■ INSTRUCTIONS FOR THE TASK: Copy the listing below exactly, but skip the pictures.

■ DATASET ENTRIES:
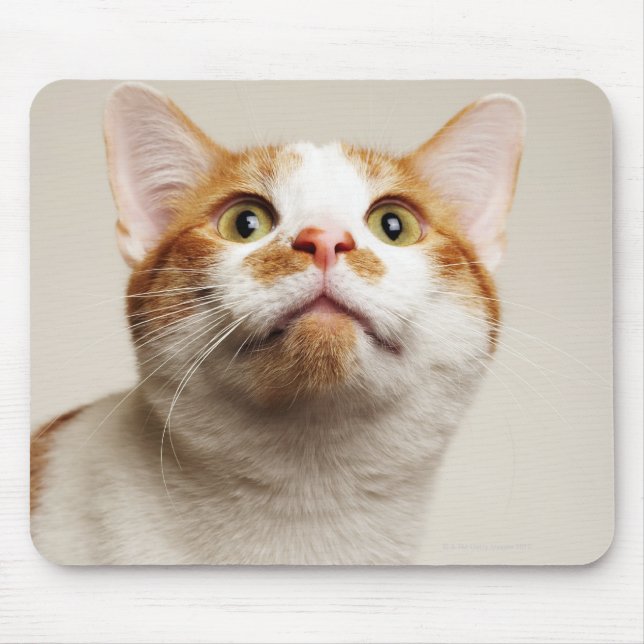 Tapis De Souris Studio photo de chat cherchant (Devant)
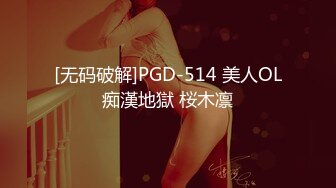 [无码破解]PGD-514 美人OL痴漢地獄 桜木凛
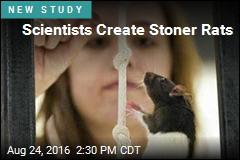 Scientists Create Stoner Rats
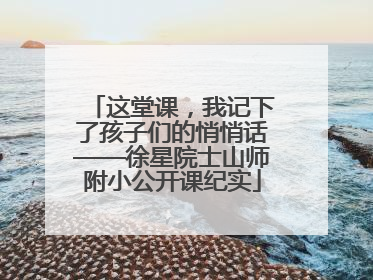 这堂课，我记下了孩子们的悄悄话——徐星院士山师附小公开课纪实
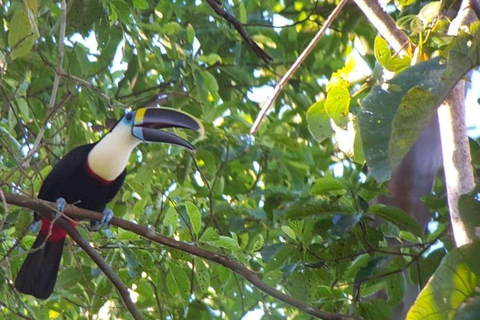 Excursión de 3, 4 ó 5 días al Parque Nacional del Manu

■ RESULT:
 Tapis De Souris Studio photo de chat cherchant (Devant)
 [无码破解]PGD-514 美人OL痴漢地獄 桜木凛
 Scientists Create Stoner Rats
 这堂课，我记下了孩子们的悄悄话——徐星院士山师附小公开课纪实
 Excursión de 3, 4 ó 5 días al Parque Nacional del Manu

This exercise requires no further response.